Ex Machina has absolutely zero new ideas in its storyline. Films dealing with the inevitable rise of artificial intelligence and what that would mean for humans have been churned out for decades, from the hopeful (Steven Speilberg’s A.I.: Artificial Intelligence) to the schlocky (Eagle Eye, the Terminator franchise), with the results ranging from genius to misunderstood to Arnold Schwarzenegger. As of now, it’s a concept that exists primarily in science fiction, and yes, Ex Machina is only the latest in a never-ending series of entries about the dangers of humans playing god.
So why is Ex Machina so damn good?
Ex Machina is an exemplary piece of science fiction filmmaking because at its core, it’s a simple story told by three primary characters. It’s simple enough that it could be adapted as a stage play with minimal effort, yet it’s layered and nuanced enough to justify why it works best in the medium of film. Its production design but most especially its special effects serve as a stunning entry-point into writer-director Alex Garland’s dynamic vision.
Yet the numerous moral and philosophical quandaries Ex Machina presents wouldn’t land were it not for the unique binaries each central character inhabits. On one end of the spectrum, there is Nathan (Oscar Isaac), a brilliant multi-billionaire who truly embraces what it means to be a human: he works out, drinks heavily, and spends most of the film roaming his intensely-isolated mega-property barefoot, and sports a frayed-but-deliberate beard. Each one of these elements highlights his fundamental human-ness, which, when coupled with his brash, arrogant, whim-driven personality, makes for a character that you fully believe as someone who would cut themselves off from the world to work on (and perfect) the world’s first proper artificial intelligence.
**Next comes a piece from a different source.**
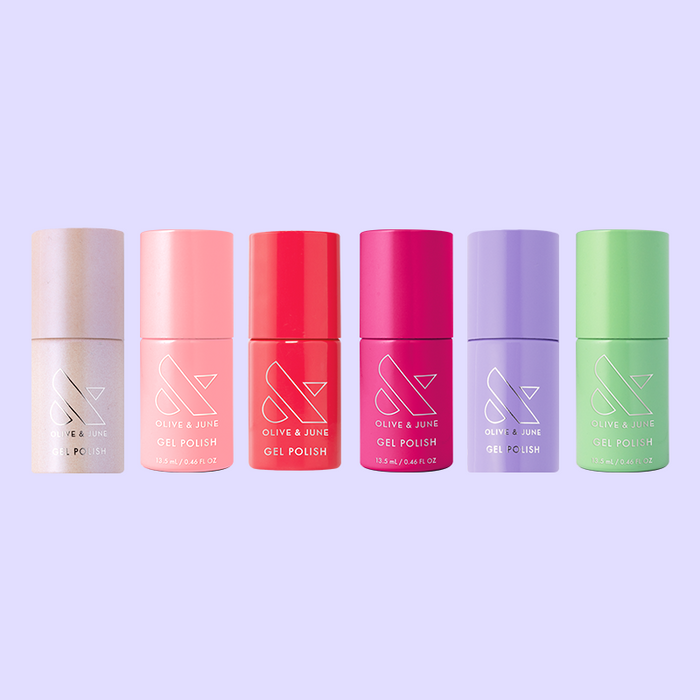 Six vibrant gel polish bottles in pastel and bold shades from the Summer Bestsellers Gel Mani System by Olive and June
On the other end, of course, is his creation, Ava (newcomer Alicia Vikander in a breakout role). She is a fully-functional robot in need of a charging station. Her midsection, arms, and legs are translucent so that you can see her moving parts. When we first meet her, she has realistic-looking hands, feet, and a face, while everything else is robotic.
She asks numerous questions, seems very soft-spoken, and has a genuine curiosity for the world that exists beyond the small living space that Nathan has provided for her. As the story progresses, she adds clothes and even artificial skin grafts to her frame, slowly and carefully blurring that line between human and robot.
Caught in the middle, however, is young programmer Caleb (Domhnail Gleeson), who works for the gigantic company that Nathan created and happens to win a contest wherein he gets to spend a week with the founder himself. Young and precocious, although still very much naïve, Caleb proves to be a personality pitched almost perfectly between Nathan’s human essence and the mechanics that (literally) operate Ava’s heart. He is a human but a follower. He’s a young buck who (mild spoiler) learns that he wasn’t chosen as the winner of this contest because of his deft programming abilities but because of his pornographic interests and his “every boy normality”.
Caleb is just a cog in a machine. His purpose is to determine if Ava will pass a Turing test. If passed, that means that someone interacting with Ava would be unable to tell if she’s a human or a machine. Caleb argues that Nathan is cheating, showing him firsthand that she’s a machine right from the get-go. Nathan says that was a deliberate move because the real test is whether or not Caleb will still maintain his opinion after spending a full week with her.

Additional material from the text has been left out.